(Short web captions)
......

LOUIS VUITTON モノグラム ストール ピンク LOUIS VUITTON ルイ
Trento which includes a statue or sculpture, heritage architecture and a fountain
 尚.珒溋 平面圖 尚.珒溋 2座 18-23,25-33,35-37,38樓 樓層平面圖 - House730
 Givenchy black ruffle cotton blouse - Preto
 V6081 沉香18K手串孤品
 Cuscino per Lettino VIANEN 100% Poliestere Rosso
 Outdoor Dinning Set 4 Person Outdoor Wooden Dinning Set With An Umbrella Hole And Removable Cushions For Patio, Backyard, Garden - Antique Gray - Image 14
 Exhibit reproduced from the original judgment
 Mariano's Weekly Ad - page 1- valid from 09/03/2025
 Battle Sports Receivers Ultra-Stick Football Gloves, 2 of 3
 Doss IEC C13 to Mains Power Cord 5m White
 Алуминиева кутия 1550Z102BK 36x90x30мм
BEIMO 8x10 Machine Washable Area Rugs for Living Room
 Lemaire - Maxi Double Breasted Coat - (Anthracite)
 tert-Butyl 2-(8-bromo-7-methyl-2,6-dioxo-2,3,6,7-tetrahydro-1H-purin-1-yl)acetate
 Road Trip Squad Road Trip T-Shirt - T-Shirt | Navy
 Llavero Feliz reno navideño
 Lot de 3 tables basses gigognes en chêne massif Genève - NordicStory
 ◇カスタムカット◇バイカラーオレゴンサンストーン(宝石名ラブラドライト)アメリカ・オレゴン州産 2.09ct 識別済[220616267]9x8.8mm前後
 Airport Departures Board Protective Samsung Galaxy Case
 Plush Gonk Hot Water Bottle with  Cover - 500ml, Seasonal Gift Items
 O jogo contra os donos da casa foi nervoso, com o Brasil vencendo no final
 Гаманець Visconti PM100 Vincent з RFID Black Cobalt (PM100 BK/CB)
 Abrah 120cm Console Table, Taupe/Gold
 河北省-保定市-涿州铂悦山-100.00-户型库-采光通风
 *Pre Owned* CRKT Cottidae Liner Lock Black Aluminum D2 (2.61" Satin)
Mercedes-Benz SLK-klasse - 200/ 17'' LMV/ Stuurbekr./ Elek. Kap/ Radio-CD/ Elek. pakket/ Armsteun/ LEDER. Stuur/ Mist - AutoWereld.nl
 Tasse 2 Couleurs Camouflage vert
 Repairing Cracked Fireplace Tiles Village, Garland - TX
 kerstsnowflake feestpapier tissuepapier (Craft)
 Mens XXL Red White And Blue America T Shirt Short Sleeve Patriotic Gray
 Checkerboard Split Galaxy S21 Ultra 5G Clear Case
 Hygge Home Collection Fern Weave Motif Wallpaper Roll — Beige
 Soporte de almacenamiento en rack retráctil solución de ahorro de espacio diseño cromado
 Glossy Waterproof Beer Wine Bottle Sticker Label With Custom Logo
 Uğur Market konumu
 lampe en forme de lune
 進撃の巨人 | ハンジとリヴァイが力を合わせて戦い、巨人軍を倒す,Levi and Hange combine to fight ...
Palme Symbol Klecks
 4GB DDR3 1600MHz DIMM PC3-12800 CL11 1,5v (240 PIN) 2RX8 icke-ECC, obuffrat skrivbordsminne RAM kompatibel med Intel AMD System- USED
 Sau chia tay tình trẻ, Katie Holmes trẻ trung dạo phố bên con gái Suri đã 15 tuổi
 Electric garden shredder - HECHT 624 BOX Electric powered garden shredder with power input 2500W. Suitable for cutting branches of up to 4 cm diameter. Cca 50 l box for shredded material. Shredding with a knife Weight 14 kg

......

# Problem requirements
Examine the records and pull out every line where the string "Bottle" occurs.

# Answer to this exercise
 Plush Gonk Hot Water Bottle with  Cover - 500ml, Seasonal Gift Items
 Glossy Waterproof Beer Wine Bottle Sticker Label With Custom Logo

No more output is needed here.